Probability is a branch of mathematics which deals with the occurrence of a random event. In simple words it is the likelihood of a certain event. A statistical measure that calculates the likelihood of two events occurring together and at the same point in time is called Joint probability.

Let A and B be the two events, joint probability is the probability of event B occurring at the same time that event A occurs.

Formula for Joint Probability

Notation to represent the joint probability can take a few different forms. The following formula represents the joint probability of events with intersection.

P (A⋂B)


A, B= Two events

P(A and B),P(AB)=The joint probability of A and B

The symbol “∩” in a joint probability is called an intersection. The probability of event A and event B happening is the same thing as the point where A and B intersect. Hence, the joint probability is also called the intersection of two or more events. We can represent this relation using a Venn diagram as shown below.

Joint Probability Distribution

Let A, B, …., be the random variables which are defined on a probability space. The probability distribution that gives the probability that each of A, B, …. falls in any particular range or discrete set of values specified for that variable is defined as the joint probability distribution for A, B, ….. In the case of only two random variables, this is called a bivariate distribution, otherwise, it is a multivariate distribution.

The joint probability distribution can be expressed in different ways based on the nature of the variable. In case of discrete variables, we can represent a joint probability mass function. For continuous variables, it can be represented as a joint cumulative distribution function or in terms of a joint probability density function.

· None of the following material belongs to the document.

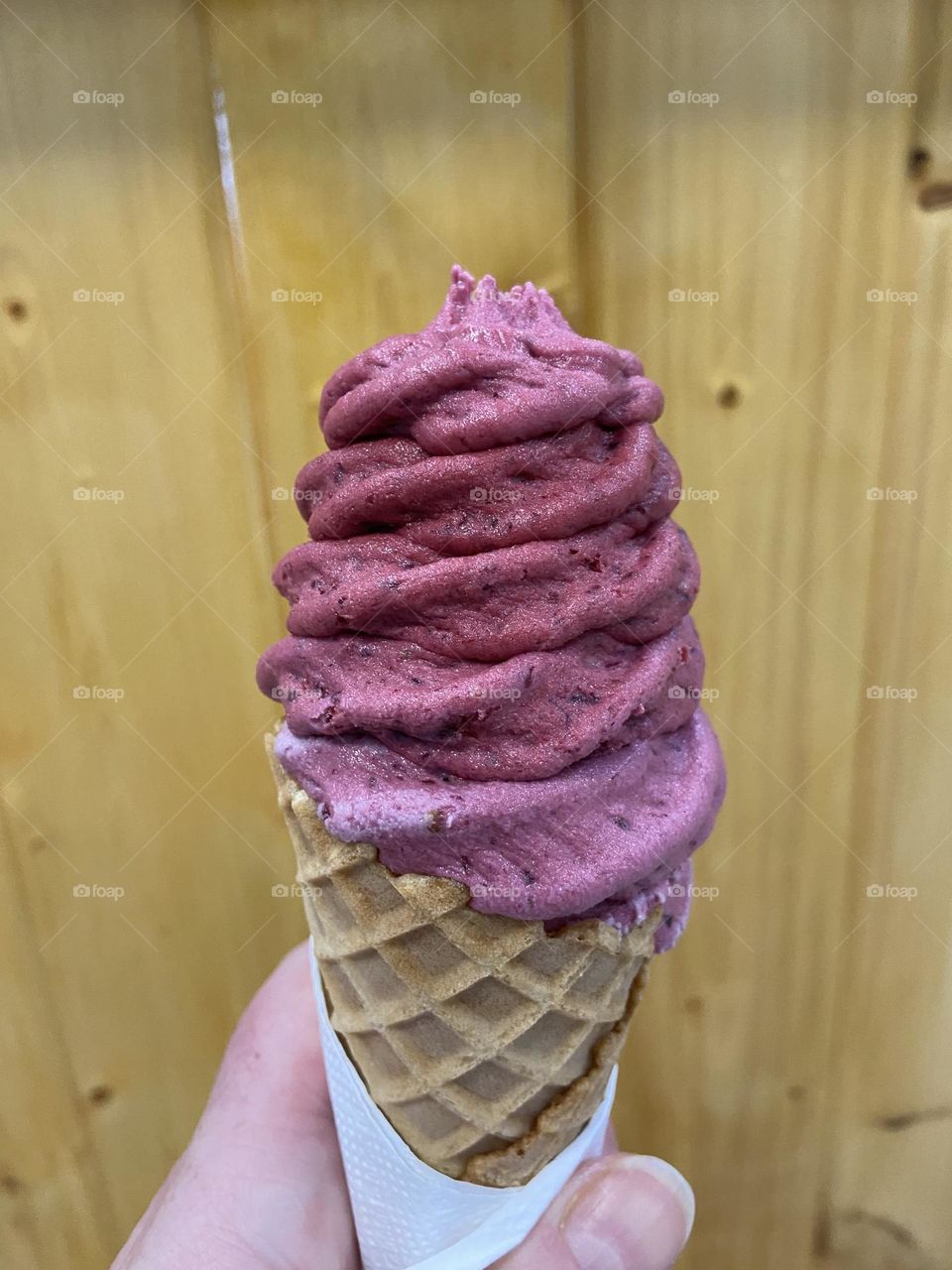 Ice cream cone swirl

Joint Probability Examples

Let us see some examples of how to find the joint probability with solutions.

Example: Find the probability that the number three will occur twice when two dice are rolled at the same time.

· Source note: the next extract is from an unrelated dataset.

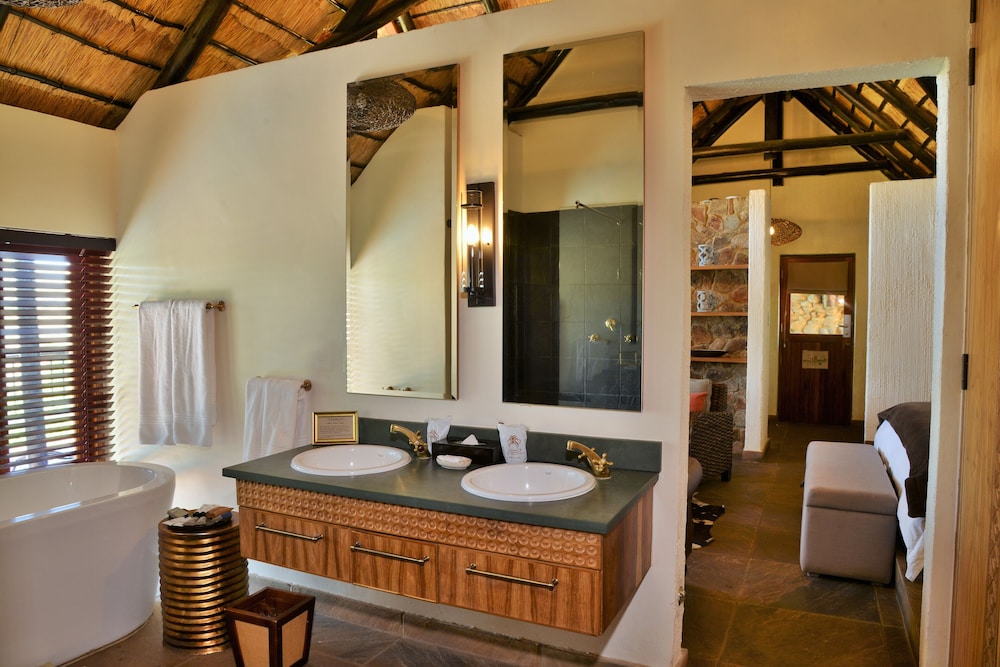 TSHUKUDU BUSH LODGE 49/49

Number of possible outcomes when a die is rolled = 6

i.e. {1, 2, 3, 4, 5, 6}

Let A be the event of occurring 3 on first die and B be the event of occurring 3 on the second die.

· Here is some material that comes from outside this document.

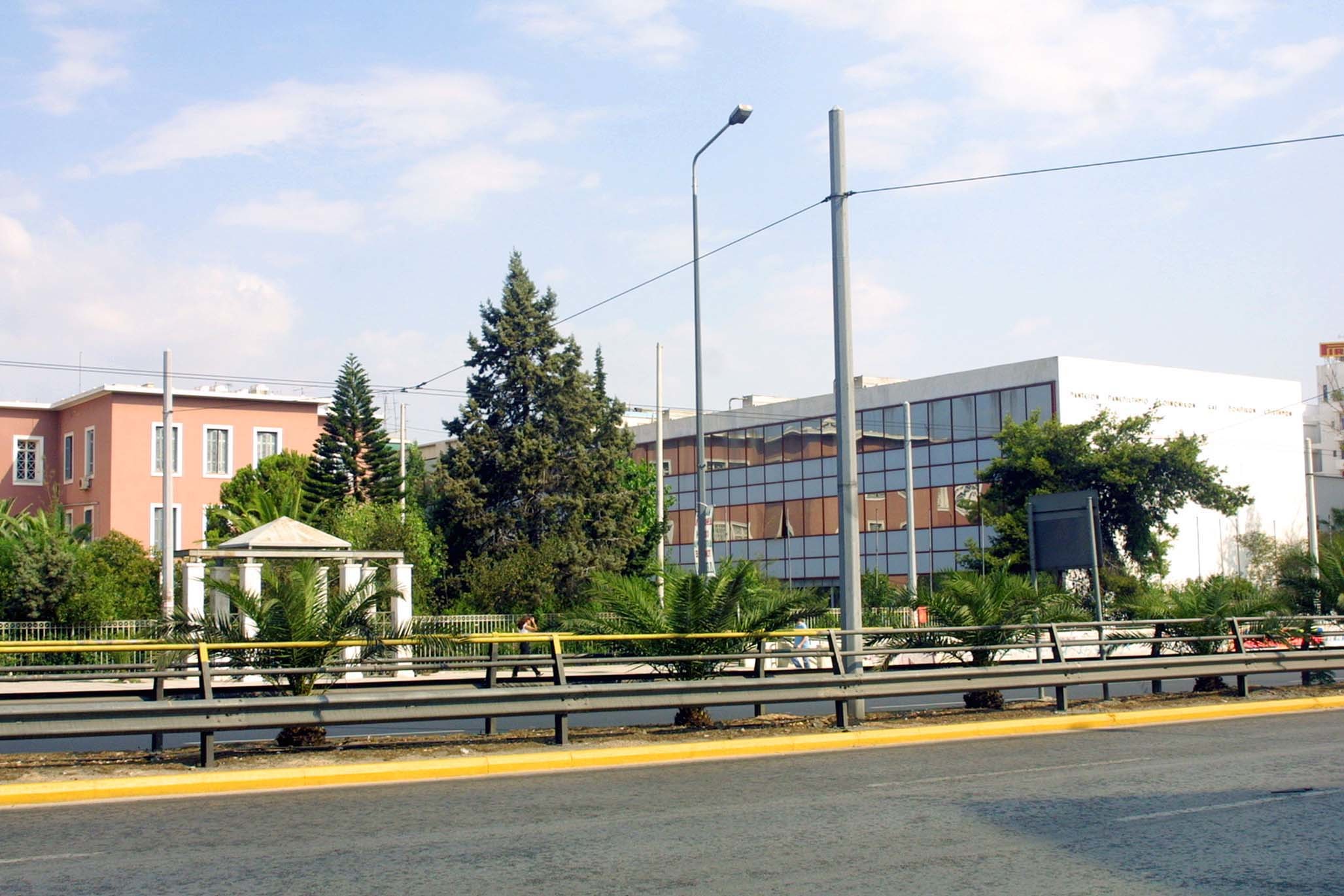 Μόνο στην Ελλάδα! Ισοβίτης και πάλι δημόσιος υπάλληλος!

Both the dice have six possible outcomes, the probability of a three occurring on each die is 1/6.

P(A) =1/6

P(B )=1/6

P(A,B) = 1/6 x 1/6 = 1/36

Joint Probability Table

A joint probability distribution represents a probability distribution for two or more random variables. Instead of events being labelled A and B, the condition is to use X and Y as given below.

f(x,y) = P(X = x, Y = y)

The main purpose of this is to look for a relationship between two variables. For example, the below table shows some probabilities for events X and Y happening at the same time:

This table can be used to find the probabilities of events.

Example: Find the probability of X = 3 and Y = 3.

Solution: From the above table, identify the probability under X = 3 and Y= 3.

That is ⅙.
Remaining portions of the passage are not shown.